EXERCISE PROMPT = For this exercise, the lines from the one with "And now we're" through the final line of the data below are to be transcribed exactly, and pictures are to be skipped.

------ SUPPLIED INFORMATION

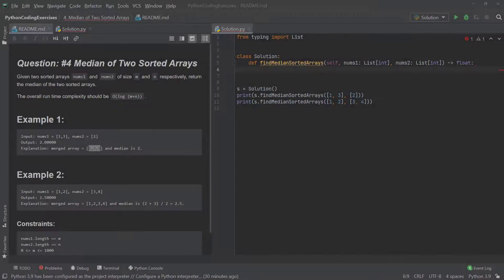Hey, what's up everybody and welcome to Coding with Roby. In this series we're going to be going over how to solve coding exercises off of LeetCode, and in this video we'll be solving question number four: Median of Two Sorted Arrays.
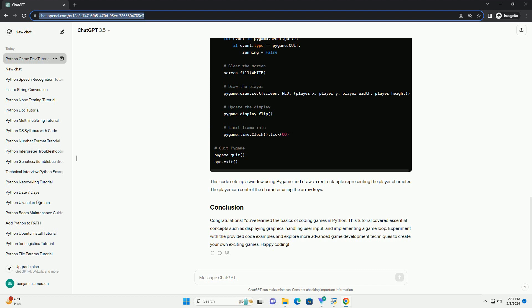Let's create a simple game using Pygame. In this game, the player controls a character that moves horizontally across the screen to avoid obstacles. This code sets up a window using Pygame and draws a red rectangle representing the player character. The player can control the character using the arrow keys.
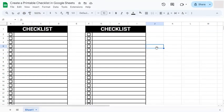And there you have it. That's how to create a printable checklist that you can always reprint when you have other tasks or things to check on your list. Thanks for watching. If you found this video helpful, do leave a like and subscribe for more helpful videos. See you on the next one.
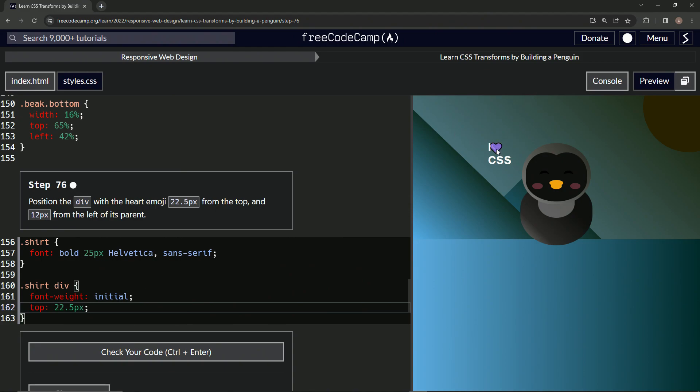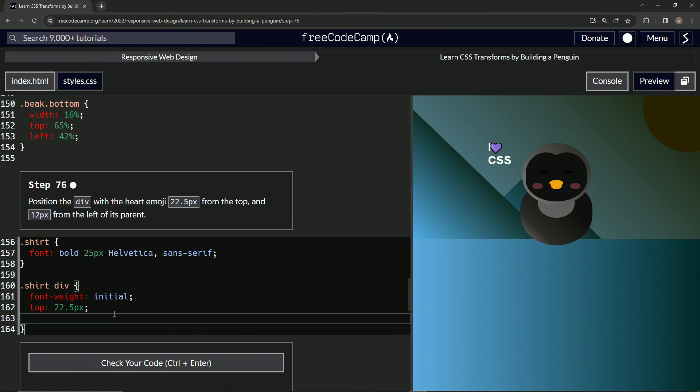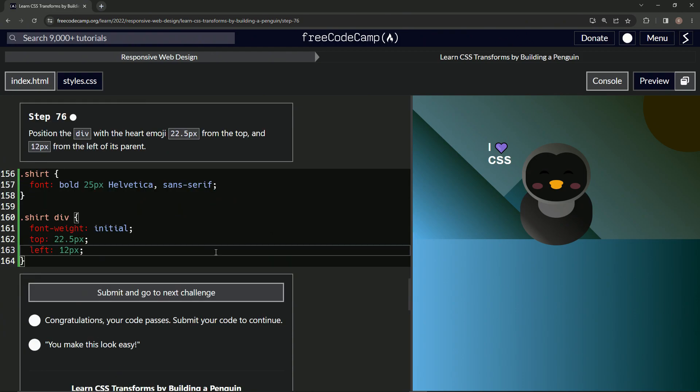And now we're going to do left is now 12px, just like that. All right, so now it's in a pretty good position, I guess. Let's check it, looks good, and submitted.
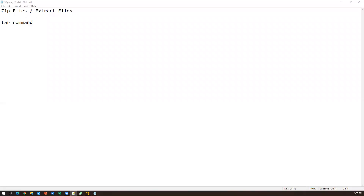Hi everyone, welcome to today's video. You are going to learn about zipping and extracting files. This is a very common scenario in every operating system. In Windows, if you have a huge number of files you zip them, and to get them back you extract or unzip them. Similarly in Linux or Unix we can also zip and unzip files, which is basically called extraction. To do this we have a command called tar, which is available in Unix or Linux.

------------

EXERCISE RESPONSE =
And now we're going to do left is now 12px, just like that. All right, so now it's in a pretty good position, I guess. Let's check it, looks good, and submitted.
Hi everyone, welcome to today's video. You are going to learn about zipping and extracting files. This is a very common scenario in every operating system. In Windows, if you have a huge number of files you zip them, and to get them back you extract or unzip them. Similarly in Linux or Unix we can also zip and unzip files, which is basically called extraction. To do this we have a command called tar, which is available in Unix or Linux.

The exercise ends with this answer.